Construction: Each rail is a two-part horizontal lamination composed of mahogany on the upper half and a secondary wood on the bottom. The outer surface of the lower half of the rail is faced with a strip of yellow pine that is wedge shaped in cross section and is faced with a mahogany convex molding surmounted by a small bead. This molding extends across the upper ends of the legs and is mitered at the corners. The table top is rabbeted along the edges to receive an edge molding glued and nailed in place. The top is probably joined to the frame by pins driven through the rabbet and concealed by the applied top molding. Glue blocks may have reinforced the joint from below, although evidence of this is not clear.

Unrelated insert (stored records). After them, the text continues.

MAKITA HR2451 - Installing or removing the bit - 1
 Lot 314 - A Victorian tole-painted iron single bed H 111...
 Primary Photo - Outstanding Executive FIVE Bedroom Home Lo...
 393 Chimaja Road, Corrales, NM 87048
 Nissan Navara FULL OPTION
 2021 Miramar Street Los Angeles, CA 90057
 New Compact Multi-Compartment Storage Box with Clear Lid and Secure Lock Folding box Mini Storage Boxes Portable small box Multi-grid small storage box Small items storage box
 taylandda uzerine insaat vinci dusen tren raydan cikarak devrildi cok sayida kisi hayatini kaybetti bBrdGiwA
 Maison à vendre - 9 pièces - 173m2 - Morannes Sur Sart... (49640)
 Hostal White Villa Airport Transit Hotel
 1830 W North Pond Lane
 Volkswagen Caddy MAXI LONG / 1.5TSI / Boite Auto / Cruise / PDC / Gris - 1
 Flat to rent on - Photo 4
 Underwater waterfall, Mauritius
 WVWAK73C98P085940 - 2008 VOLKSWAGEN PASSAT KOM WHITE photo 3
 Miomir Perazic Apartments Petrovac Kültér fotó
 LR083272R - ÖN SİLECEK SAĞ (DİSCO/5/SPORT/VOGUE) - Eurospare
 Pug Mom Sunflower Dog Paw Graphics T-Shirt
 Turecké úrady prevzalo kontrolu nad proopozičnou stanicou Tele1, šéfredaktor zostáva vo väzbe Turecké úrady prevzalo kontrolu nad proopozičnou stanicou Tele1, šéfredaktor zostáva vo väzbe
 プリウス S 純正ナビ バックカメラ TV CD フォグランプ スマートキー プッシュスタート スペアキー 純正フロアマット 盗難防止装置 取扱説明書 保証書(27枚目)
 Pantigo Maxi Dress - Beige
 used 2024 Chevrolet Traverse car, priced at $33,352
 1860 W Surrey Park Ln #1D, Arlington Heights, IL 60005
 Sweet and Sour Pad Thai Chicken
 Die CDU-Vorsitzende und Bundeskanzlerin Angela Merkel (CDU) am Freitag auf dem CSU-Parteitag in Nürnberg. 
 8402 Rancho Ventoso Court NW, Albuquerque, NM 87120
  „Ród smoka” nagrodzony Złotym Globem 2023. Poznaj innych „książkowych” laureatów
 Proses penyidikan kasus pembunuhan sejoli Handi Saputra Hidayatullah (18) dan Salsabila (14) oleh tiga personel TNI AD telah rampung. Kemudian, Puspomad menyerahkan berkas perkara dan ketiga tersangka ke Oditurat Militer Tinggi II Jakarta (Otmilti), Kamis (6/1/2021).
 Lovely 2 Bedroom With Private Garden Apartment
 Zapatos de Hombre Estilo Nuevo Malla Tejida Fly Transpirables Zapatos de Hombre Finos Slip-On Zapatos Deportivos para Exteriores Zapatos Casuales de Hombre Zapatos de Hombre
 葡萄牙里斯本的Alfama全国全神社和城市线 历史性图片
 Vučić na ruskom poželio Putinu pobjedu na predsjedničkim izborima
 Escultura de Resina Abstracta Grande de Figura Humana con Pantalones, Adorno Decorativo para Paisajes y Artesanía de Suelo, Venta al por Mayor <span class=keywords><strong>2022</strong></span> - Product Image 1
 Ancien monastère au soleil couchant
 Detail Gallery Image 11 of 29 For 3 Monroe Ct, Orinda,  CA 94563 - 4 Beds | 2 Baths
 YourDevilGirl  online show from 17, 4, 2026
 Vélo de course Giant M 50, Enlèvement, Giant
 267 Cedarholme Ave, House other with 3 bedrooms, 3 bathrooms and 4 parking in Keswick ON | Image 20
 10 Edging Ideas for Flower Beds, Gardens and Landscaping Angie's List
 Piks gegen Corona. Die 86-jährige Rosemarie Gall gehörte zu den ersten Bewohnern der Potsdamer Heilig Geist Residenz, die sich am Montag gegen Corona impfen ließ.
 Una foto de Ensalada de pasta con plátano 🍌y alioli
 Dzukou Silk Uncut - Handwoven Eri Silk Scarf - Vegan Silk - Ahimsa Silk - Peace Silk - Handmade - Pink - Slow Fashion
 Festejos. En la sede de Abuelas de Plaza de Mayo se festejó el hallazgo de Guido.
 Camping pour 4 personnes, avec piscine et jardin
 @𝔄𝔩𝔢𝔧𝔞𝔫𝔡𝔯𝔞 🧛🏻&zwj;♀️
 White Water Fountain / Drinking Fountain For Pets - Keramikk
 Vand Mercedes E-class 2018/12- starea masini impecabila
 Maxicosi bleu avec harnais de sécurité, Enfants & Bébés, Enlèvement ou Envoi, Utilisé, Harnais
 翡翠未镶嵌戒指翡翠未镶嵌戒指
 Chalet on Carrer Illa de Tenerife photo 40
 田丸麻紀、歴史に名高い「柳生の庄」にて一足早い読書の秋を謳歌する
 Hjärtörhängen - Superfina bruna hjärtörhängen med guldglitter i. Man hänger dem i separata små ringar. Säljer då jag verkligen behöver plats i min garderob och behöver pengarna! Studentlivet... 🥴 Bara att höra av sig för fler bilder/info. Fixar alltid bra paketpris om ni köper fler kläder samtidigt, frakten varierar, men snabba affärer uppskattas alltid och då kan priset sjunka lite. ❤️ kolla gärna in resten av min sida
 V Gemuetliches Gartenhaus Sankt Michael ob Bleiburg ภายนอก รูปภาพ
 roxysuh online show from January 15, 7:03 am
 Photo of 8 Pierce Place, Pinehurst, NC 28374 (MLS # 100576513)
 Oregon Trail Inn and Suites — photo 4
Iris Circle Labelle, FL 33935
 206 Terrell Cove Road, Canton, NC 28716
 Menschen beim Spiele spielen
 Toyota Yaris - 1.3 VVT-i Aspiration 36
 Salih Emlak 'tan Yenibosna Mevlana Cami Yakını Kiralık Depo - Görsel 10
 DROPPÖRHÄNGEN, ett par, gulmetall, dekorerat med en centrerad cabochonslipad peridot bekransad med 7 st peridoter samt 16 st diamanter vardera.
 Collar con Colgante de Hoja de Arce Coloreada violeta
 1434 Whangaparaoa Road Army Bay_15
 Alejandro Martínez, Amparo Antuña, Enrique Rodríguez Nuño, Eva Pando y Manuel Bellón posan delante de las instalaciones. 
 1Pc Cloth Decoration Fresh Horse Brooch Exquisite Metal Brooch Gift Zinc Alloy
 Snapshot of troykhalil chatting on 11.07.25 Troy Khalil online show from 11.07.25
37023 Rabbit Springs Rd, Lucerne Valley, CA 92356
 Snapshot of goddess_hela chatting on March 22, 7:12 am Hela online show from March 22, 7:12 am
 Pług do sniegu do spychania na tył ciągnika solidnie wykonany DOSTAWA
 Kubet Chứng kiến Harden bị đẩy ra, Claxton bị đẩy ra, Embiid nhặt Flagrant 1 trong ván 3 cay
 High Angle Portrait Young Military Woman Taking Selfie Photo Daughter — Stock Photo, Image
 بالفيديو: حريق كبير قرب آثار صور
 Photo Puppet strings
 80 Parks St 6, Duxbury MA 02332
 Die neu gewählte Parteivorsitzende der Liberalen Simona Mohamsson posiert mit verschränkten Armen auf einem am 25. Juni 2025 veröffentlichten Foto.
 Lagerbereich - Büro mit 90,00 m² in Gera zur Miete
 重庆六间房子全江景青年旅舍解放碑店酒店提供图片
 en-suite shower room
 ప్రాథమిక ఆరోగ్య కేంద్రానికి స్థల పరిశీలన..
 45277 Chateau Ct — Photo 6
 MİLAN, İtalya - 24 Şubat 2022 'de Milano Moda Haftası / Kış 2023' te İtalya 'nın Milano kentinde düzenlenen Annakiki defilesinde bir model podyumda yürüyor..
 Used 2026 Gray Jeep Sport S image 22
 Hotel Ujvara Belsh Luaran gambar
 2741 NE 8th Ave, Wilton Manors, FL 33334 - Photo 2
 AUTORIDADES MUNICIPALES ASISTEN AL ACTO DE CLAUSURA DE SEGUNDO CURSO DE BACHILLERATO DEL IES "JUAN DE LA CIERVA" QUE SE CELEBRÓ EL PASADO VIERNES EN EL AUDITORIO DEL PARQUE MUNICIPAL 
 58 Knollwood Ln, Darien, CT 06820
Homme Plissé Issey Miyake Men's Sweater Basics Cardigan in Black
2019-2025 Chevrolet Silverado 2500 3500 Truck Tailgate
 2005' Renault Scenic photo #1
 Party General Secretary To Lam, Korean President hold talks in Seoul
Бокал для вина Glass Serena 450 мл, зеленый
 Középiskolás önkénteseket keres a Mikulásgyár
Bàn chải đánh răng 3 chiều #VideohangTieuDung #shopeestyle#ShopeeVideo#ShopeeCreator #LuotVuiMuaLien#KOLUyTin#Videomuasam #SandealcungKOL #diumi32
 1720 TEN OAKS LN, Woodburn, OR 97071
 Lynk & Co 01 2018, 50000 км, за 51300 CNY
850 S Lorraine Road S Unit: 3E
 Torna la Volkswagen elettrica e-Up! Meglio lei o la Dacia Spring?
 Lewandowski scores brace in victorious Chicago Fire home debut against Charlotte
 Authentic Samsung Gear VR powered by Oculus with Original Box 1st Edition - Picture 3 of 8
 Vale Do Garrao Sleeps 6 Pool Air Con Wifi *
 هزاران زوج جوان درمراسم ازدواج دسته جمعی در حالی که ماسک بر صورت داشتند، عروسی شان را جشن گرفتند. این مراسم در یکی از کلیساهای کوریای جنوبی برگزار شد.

Materials: Mahogany top, legs, upper half of rails, and applied aprons; black walnut (microanalysis) lower half of end rails; oak lower half of side rails; yellow pine (microanalysis) laminate between lower half of rails and applied aprons.
Label:Like Western utensils for brewing and serving tea, the earliest European and American tea tables were inspired by Asian prototypes. Along with the tea itself, Asian tables were imported into Europe in substantial numbers as tea became popular. Chinese and other Asian tables of that date were generally small and rectangular in form, and the new tea tables made by British cabinetmakers and their colonial counterparts followed suit. Sometimes only the shape, size, and decorative details of the Asian models were closely imitated, as is the case with this Williamsburg table. The projecting top, encircling vertical fascia, and convex-applied skirts with slightly shaped lower edges closely imitate the components of Chinese tables produced during the Ming dynasty (1368-1644). The cabriole legs with blunted pad feet are reminiscent of those on Chinese stools of the same era.
The technique employed in shaping the legs and feet on this table suggests a date of production from the 1720s to 1740s. Many pad feet were expeditiously produced on a lathe, but the earliest expressions of the form were hand shaped like these, resulting in a closer correlation with the Asian archetype. Hand shaping also accounts for the sinuous, almost fluid, character of this table's overall form, which is quite different from the more mechanical appearance of tables with lathe-turned legs.
Carved pad feet similar to these are found on several early pieces of Williamsburg furniture, including the Speaker's Chair (CWF acc. 1933-504) and a sideboard table that descended in the Custis and Washington families (Smithsonian collection). The CWF tea table is also structurally identical the sideboard table. New research (2004-2005) strongly suggests that all three pieces are the work of Williamsburg cabinetmaker Peter Scott, active in the city from at least 1722 until his death in 1775.
Provenance:The table descended in the Galt family of Williamsburg. The Galts lived in the Nelson-Galt House on Francis Street from the early nineteenth century until 1978. The table was acquired by CWF when the household was broken up in that year after death of Mrs. Mary Ware Galt Kirby (1893-1977) from her daughter, Ann Galt Kirby Black.